LISTED RECORDS —

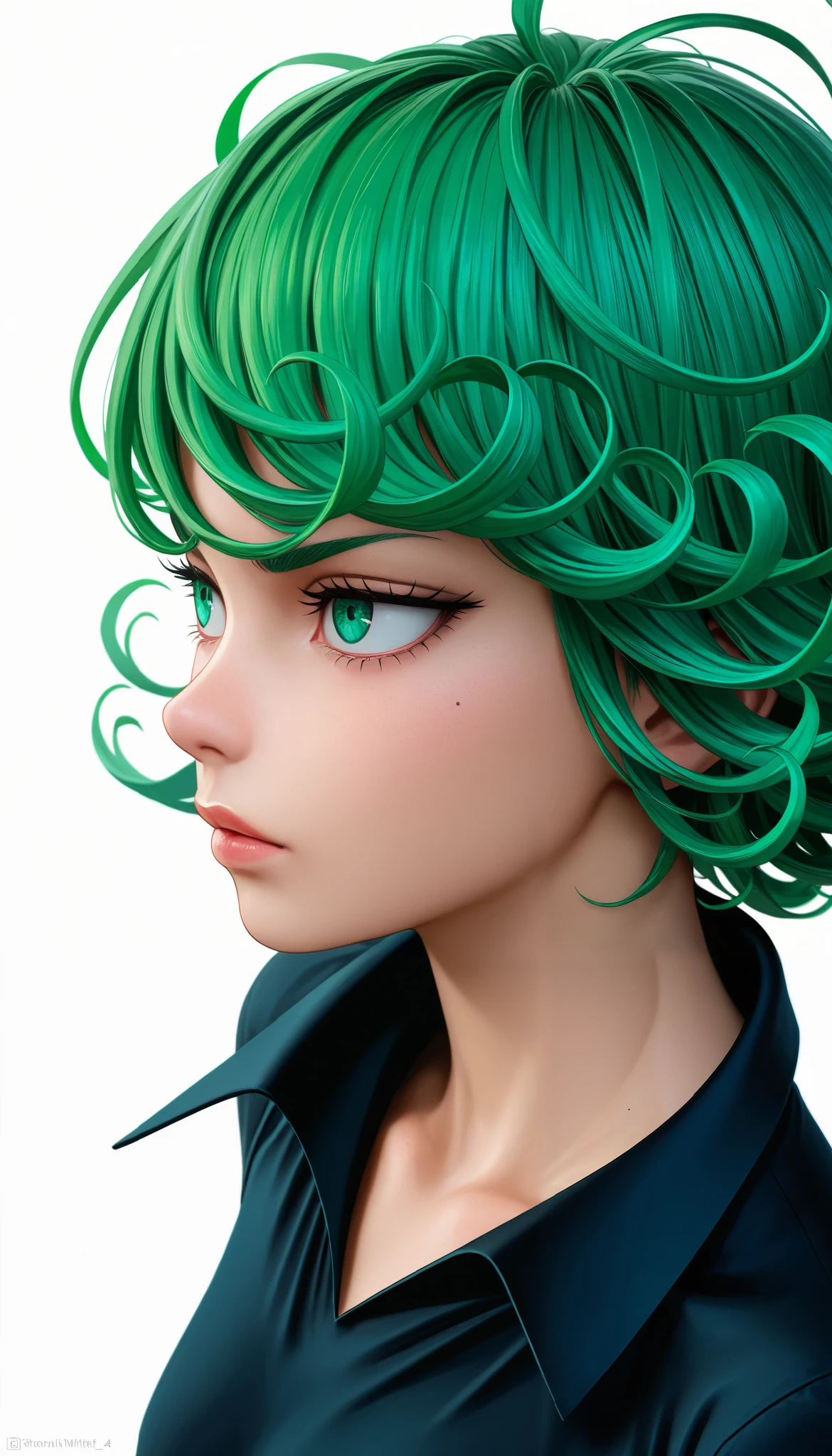 (photography , best quality), best score, best anatomy, ultra deitailed, amazing quality, very aesthetic, anime_realistic:1.4 absurdres, highres, 2024, newest, HDR, 8K, high detail RAW color art, high contrast,, eyelashes, textured skin,, intimidating look, strong expression,, tatsumaki, short hair, curly hair, Green hair,
long sleeves, dress, forced perspective, ((minimalist white background)), side view,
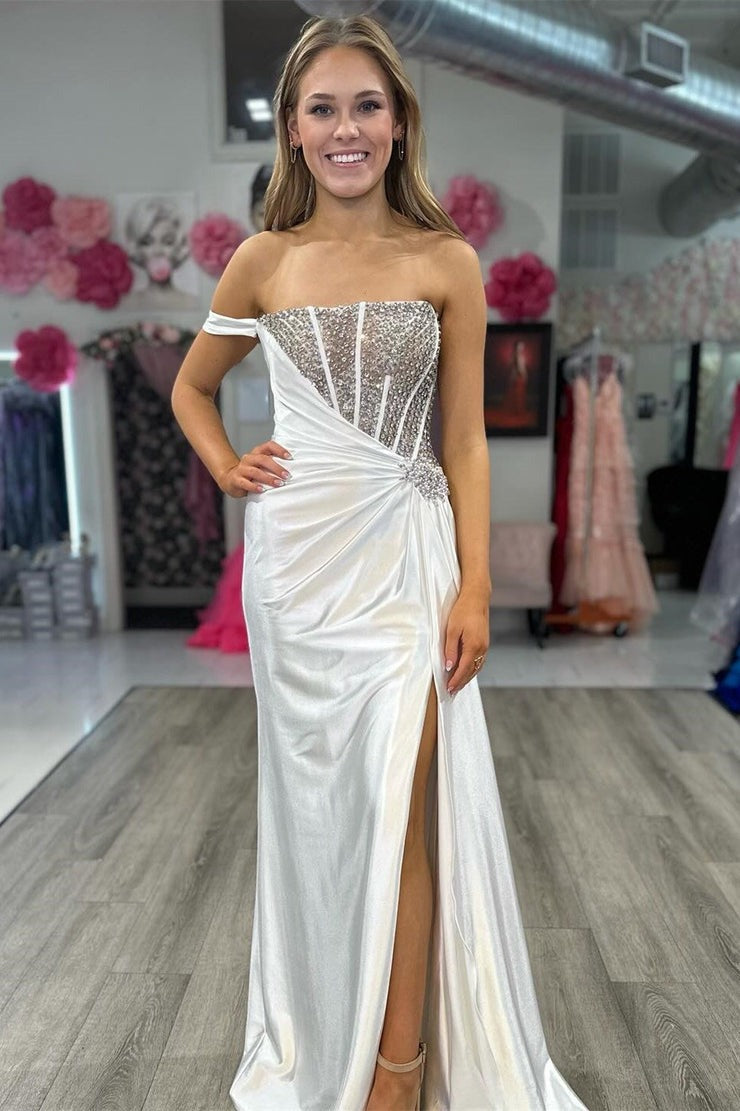 Strapless Mermaid White Satin Long Prom Dresses, PD25033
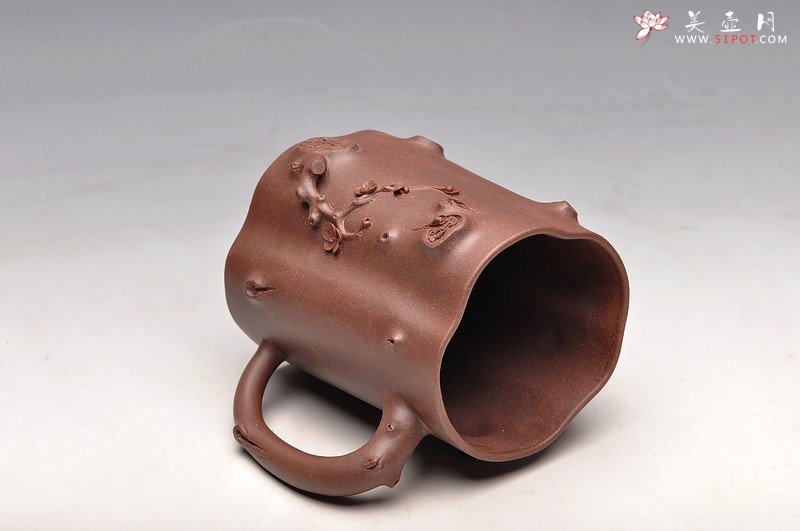 紫砂壶图片：一对高矮胖瘦绝配：） 清水泥和地槽青 全手梅花单杯  - 美壶网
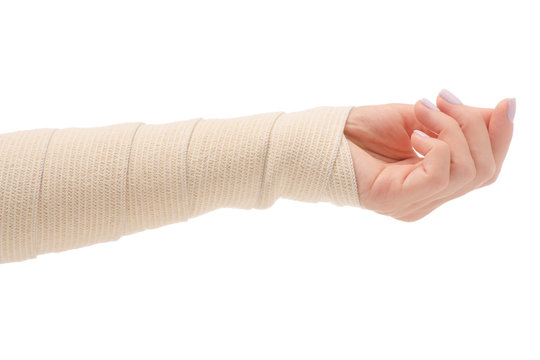 Female hand elastic bandage injury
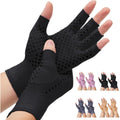 Fingerless Compression Gloves for Men & Women – Breathable Non-Slip Pain Relief Gloves for Arthritis, Typing & Gym – Black, Coffee, Grey & Purple, Sizes S-XL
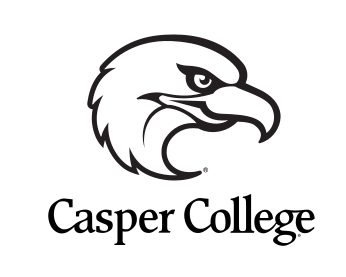 Casper College institutional logo, black stacked variant, cell 10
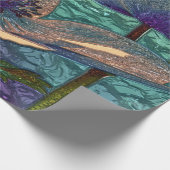 Papier cadeau en verre de fleur bleu métallisé (Coin)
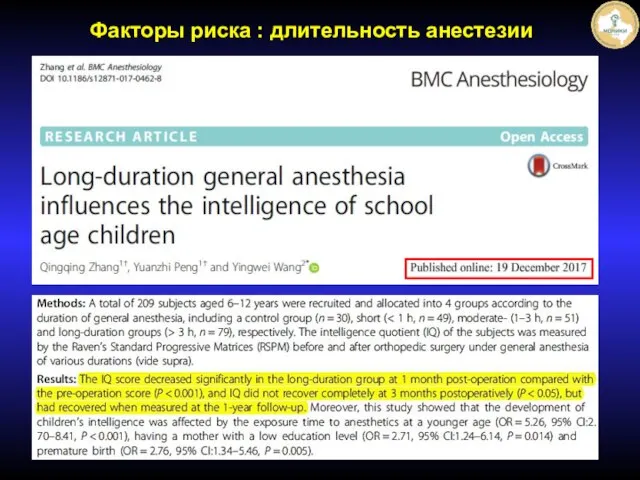 Факторы риска : длительность анестезии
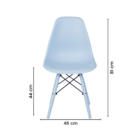 Kit 2 Cadeiras De Jantar Eames Eiffel Azul Claro Color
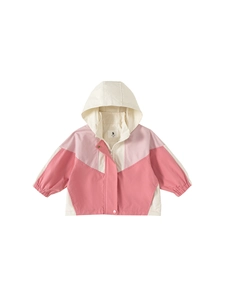 Kinder Kapuzenwindjacke mit rosa und beige Farblock-Design und elastischen Ärmelbündchen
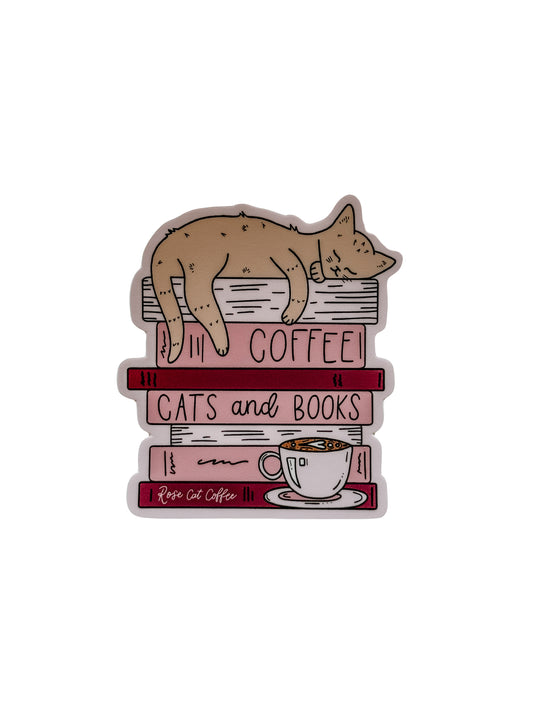 Rose Cat "Coffee, Cats, And Books" Sticker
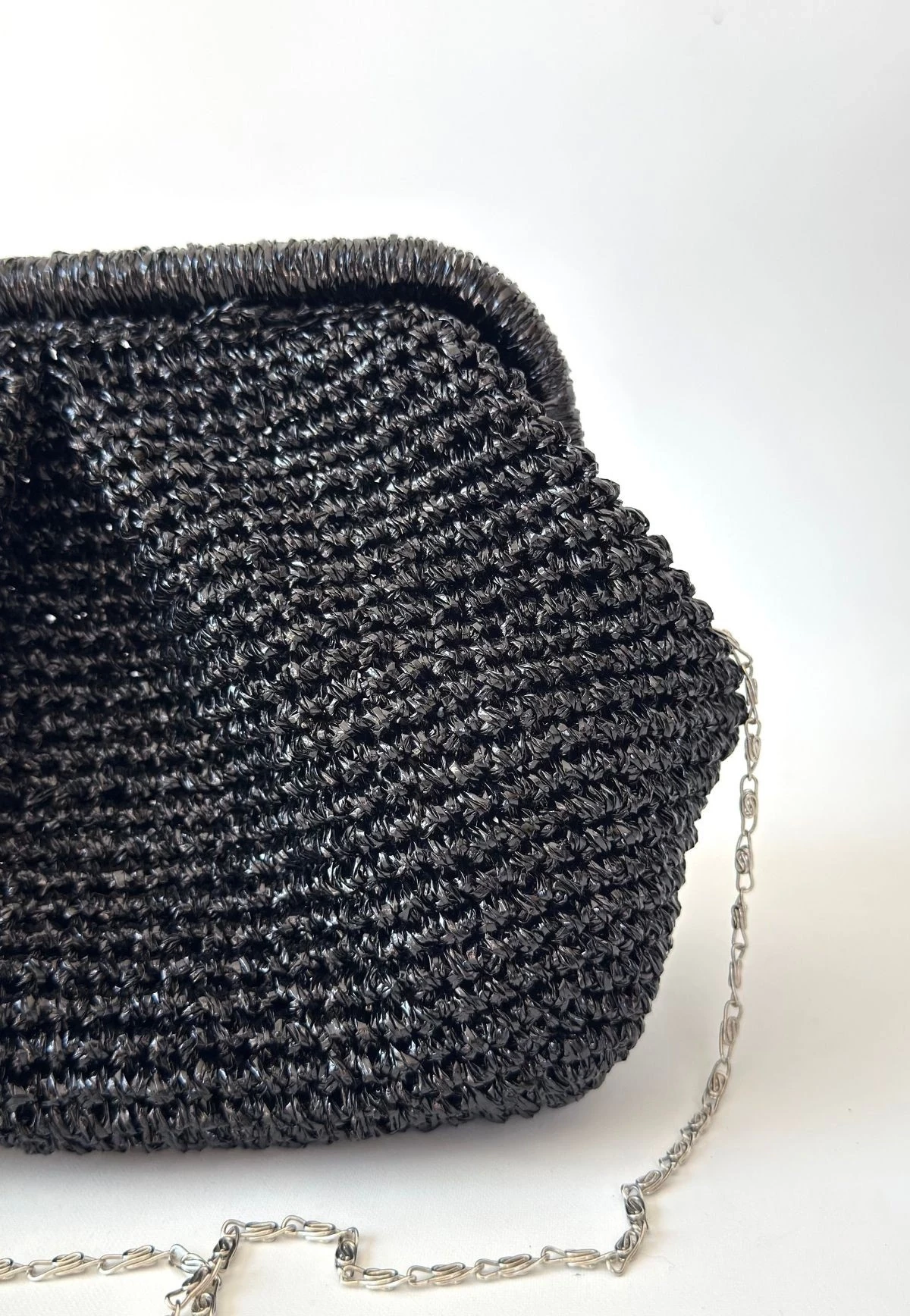 Froy Siyah Parlak Örgü Çanta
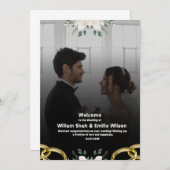 Zwarte bruiloft met moderne bloemen kaart (Voorkant / Achterkant)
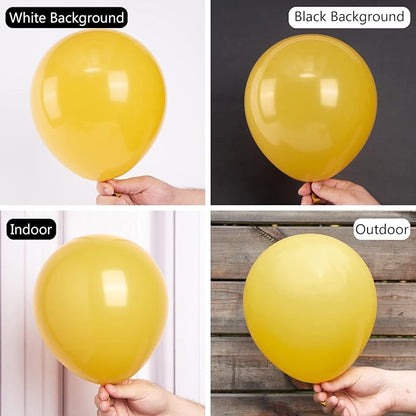 PartyWoo Mustard Yellow fall Latex Helium Birthday Balloons 50pcs | 12 Inch - Image 2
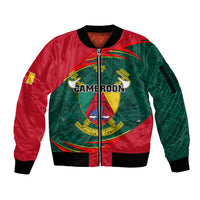 Personalised Cameroon Sleeve Zip Bomber Jacket Cameroun Coat Of Arms Mix African Pattern - Wonder Print Shop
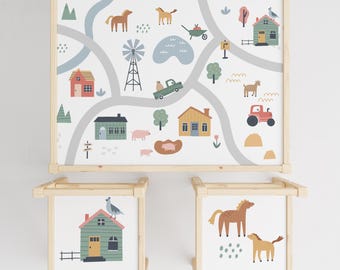 Farm Life Vinyl Decals for IKEA LATT Table, Educational Toddler Stickers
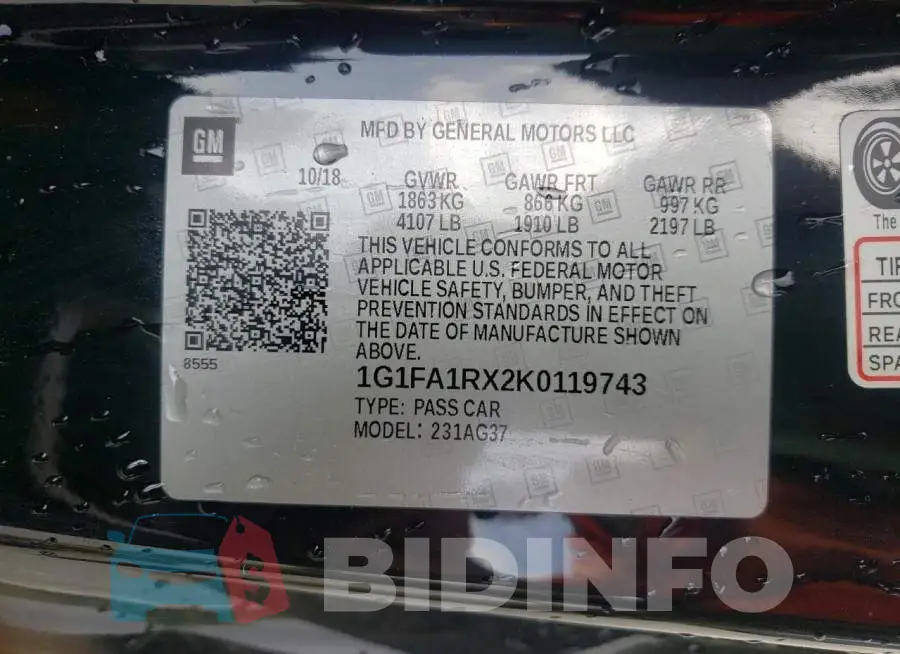 1G1FA1RX2K0119743 Photo# 10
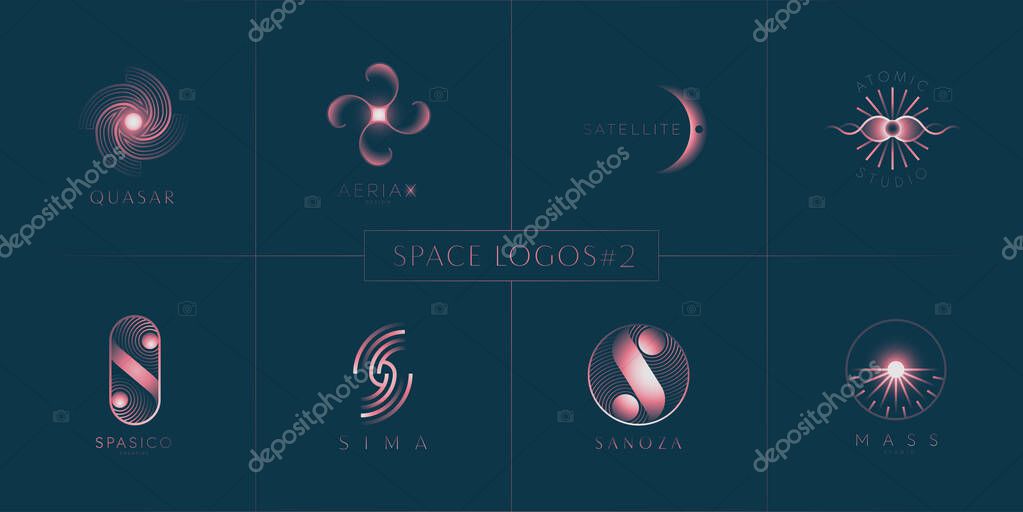 Space logo collection, Minimal logotype, Cosmic emblem, Moon, Planet, Galaxy, Star, S letter, Set, Collection. Vector illustration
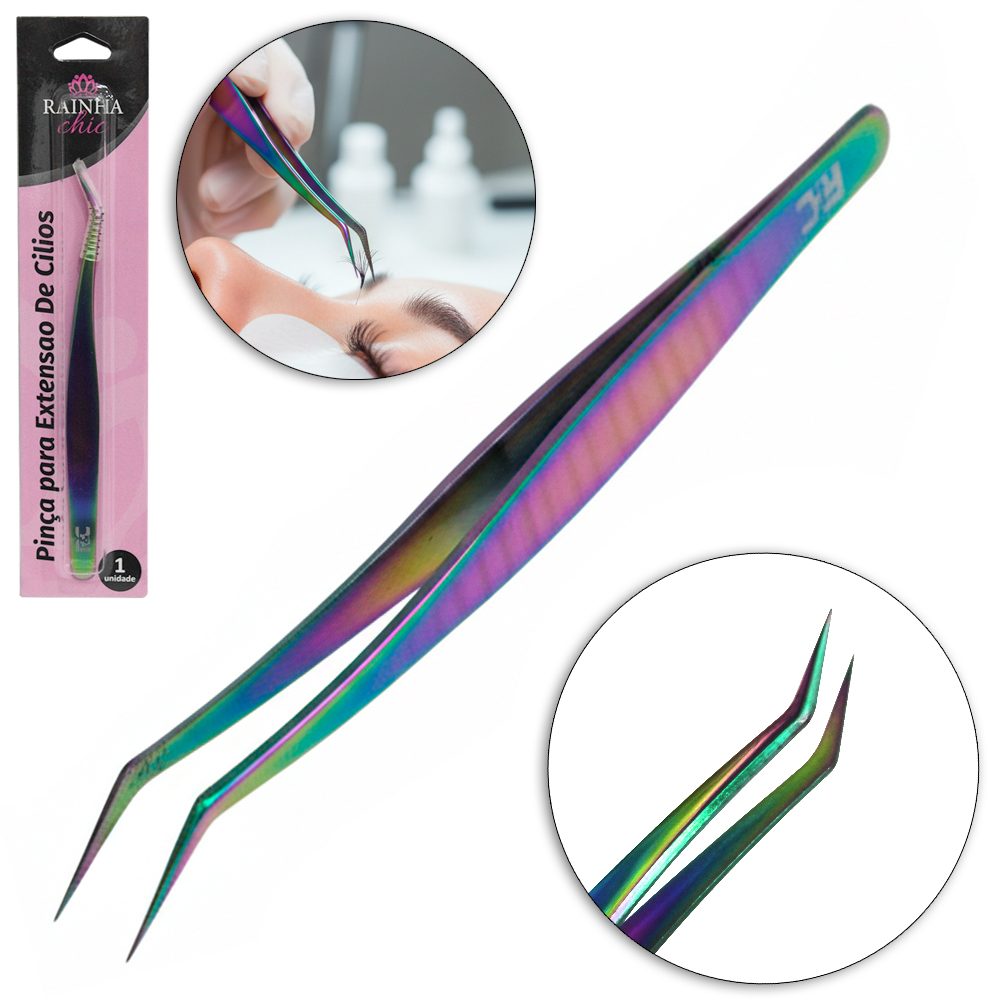 PINCA CURVA PARA ALONGAMENTO CILIOS DE INOX  RAINHA CHIC CINTILANTE 12,5CM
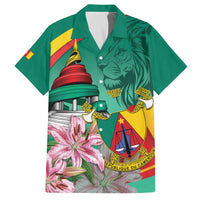 Cameroon National Day Family Matching Off The Shoulder Long Sleeve Dress and Hawaiian Shirt Cameroun Reunification Monument Lily Flowers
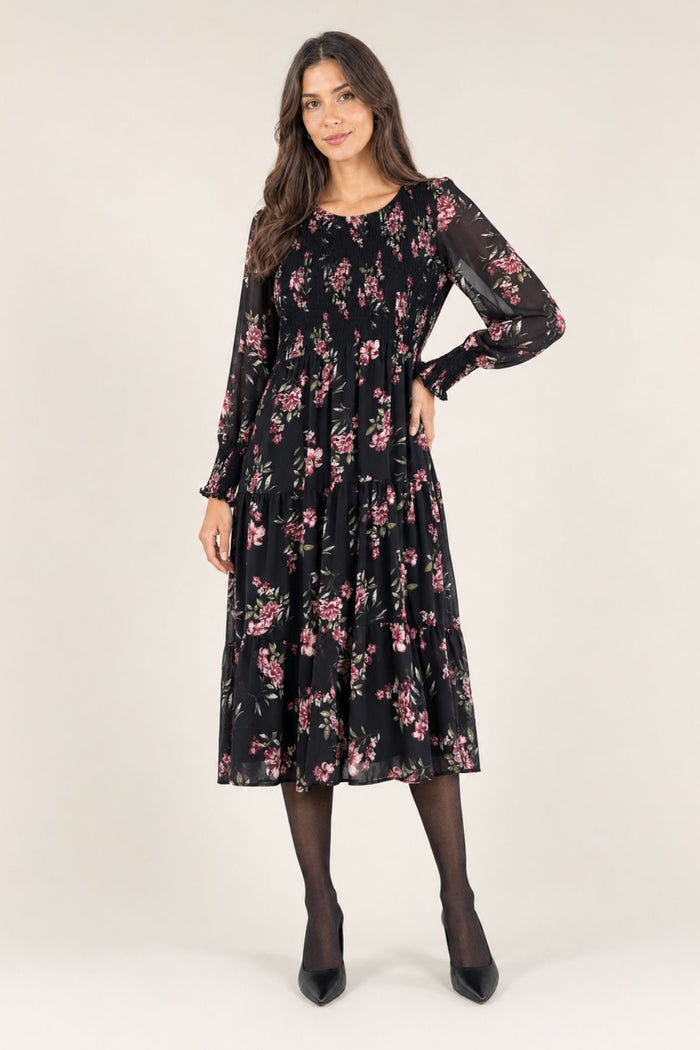STELLA MORGAN Smock Floral Long Sleeve Dress - Navy Print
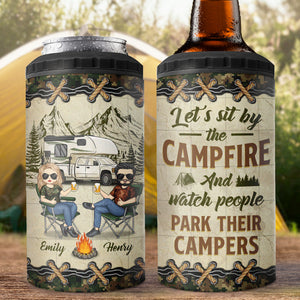 Let's Sit By The Campsite - Camping Personalized Custom 4 In 1 Can Cooler Tumbler - Gift For Husband Wife, Camping Lovers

ASSIGNMENT — Pictures stay out; output the lines from the top of the listing above through the line containing "PINCA CURVA PARA", exactly as they stand.

ANSWER TO THE PROBLEM —
 (photography , best quality), best score, best anatomy, ultra deitailed, amazing quality, very aesthetic, anime_realistic:1.4 absurdres, highres, 2024, newest, HDR, 8K, high detail RAW color art, high contrast,, eyelashes, textured skin,, intimidating look, strong expression,, tatsumaki, short hair, curly hair, Green hair,
long sleeves, dress, forced perspective, ((minimalist white background)), side view,
 Strapless Mermaid White Satin Long Prom Dresses, PD25033
 紫砂壶图片：一对高矮胖瘦绝配：） 清水泥和地槽青 全手梅花单杯  - 美壶网
 Female hand elastic bandage injury
 Fingerless Compression Gloves for Men & Women – Breathable Non-Slip Pain Relief Gloves for Arthritis, Typing & Gym – Black, Coffee, Grey & Purple, Sizes S-XL
 Casper College institutional logo, black stacked variant, cell 10
 Papier cadeau en verre de fleur bleu métallisé (Coin)
 Факторы риска : длительность анестезии
 Kit 2 Cadeiras De Jantar Eames Eiffel Azul Claro Color
 Kinder Kapuzenwindjacke mit rosa und beige Farblock-Design und elastischen Ärmelbündchen
 Rose Cat "Coffee, Cats, And Books" Sticker
 Froy Siyah Parlak Örgü Çanta
 Zwarte bruiloft met moderne bloemen kaart (Voorkant / Achterkant)
 PartyWoo Mustard Yellow fall Latex Helium Birthday Balloons 50pcs | 12 Inch - Image 2
 Personalised Cameroon Sleeve Zip Bomber Jacket Cameroun Coat Of Arms Mix African Pattern - Wonder Print Shop
 Farm Life Vinyl Decals for IKEA LATT Table, Educational Toddler Stickers
 1G1FA1RX2K0119743 Photo# 10
 Space logo collection, Minimal logotype, Cosmic emblem, Moon, Planet, Galaxy, Star, S letter, Set, Collection. Vector illustration
 PINCA CURVA PARA ALONGAMENTO CILIOS DE INOX  RAINHA CHIC CINTILANTE 12,5CM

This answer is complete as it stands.